Moore has previously argued that girls should not be permitted to play sports with boys, that women should not be permitted to serve as referees, announcers, or even beer vendors at sporting events, and that pay equity for women athletes is nothing more than wanting “equal pay for inferior work.” In a 2014 National Review column, he wrote that, “The crisis in America today isn’t about women’s wages; it’s about men’s wages,” because if women earn more than men it might disrupt “family stability” and lead to more divorce. He has since characterized some of his writings as satire.

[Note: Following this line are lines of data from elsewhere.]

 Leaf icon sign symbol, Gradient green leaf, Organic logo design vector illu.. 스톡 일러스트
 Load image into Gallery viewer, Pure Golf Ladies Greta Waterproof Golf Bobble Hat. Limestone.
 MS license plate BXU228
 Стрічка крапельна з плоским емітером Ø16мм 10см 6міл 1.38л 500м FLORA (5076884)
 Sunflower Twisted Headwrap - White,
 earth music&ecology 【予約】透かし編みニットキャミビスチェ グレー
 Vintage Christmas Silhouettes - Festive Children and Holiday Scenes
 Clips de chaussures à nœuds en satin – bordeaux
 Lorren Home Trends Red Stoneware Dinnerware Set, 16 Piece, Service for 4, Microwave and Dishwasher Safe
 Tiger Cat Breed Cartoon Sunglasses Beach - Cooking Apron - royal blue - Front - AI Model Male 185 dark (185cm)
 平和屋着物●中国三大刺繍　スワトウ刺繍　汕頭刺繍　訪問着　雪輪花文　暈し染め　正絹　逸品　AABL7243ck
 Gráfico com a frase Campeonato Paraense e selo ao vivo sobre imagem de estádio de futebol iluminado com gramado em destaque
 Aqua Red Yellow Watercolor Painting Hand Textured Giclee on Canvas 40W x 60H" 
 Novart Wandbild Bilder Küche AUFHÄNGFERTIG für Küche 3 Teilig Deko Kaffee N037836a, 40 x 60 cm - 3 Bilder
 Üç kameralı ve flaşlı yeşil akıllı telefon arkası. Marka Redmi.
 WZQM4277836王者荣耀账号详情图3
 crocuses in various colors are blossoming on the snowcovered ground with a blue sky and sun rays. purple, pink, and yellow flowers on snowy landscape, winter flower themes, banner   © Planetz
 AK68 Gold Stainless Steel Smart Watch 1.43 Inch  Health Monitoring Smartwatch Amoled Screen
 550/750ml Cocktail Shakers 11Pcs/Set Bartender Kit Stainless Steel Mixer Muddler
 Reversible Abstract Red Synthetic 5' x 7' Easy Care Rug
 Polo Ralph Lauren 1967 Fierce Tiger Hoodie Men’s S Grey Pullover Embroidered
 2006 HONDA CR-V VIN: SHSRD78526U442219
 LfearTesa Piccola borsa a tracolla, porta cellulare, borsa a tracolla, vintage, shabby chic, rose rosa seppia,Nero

But asked about his criticism of equal pay on ABC News on Sunday, he stood by his view that government should do nothing to ensure that women are paid fairly. “This is is a sizzling economy,” he claimed. “The way to close the wage gap is by creating a healthy economy.”

“When it comes to wages and gender equity,” he reaffirmed, “I want that to be decided by the market. I don’t want government to intervene in those kinds of things.”

Shortly after taking office, Trump’s administration froze a key equal pay rule that had been established by the Obama administration. (On Thursday, a federal judge finally struck down this effort and ruled that the Equal Employment Opportunity Commission has until September to collect salary data by race, gender, and job title.)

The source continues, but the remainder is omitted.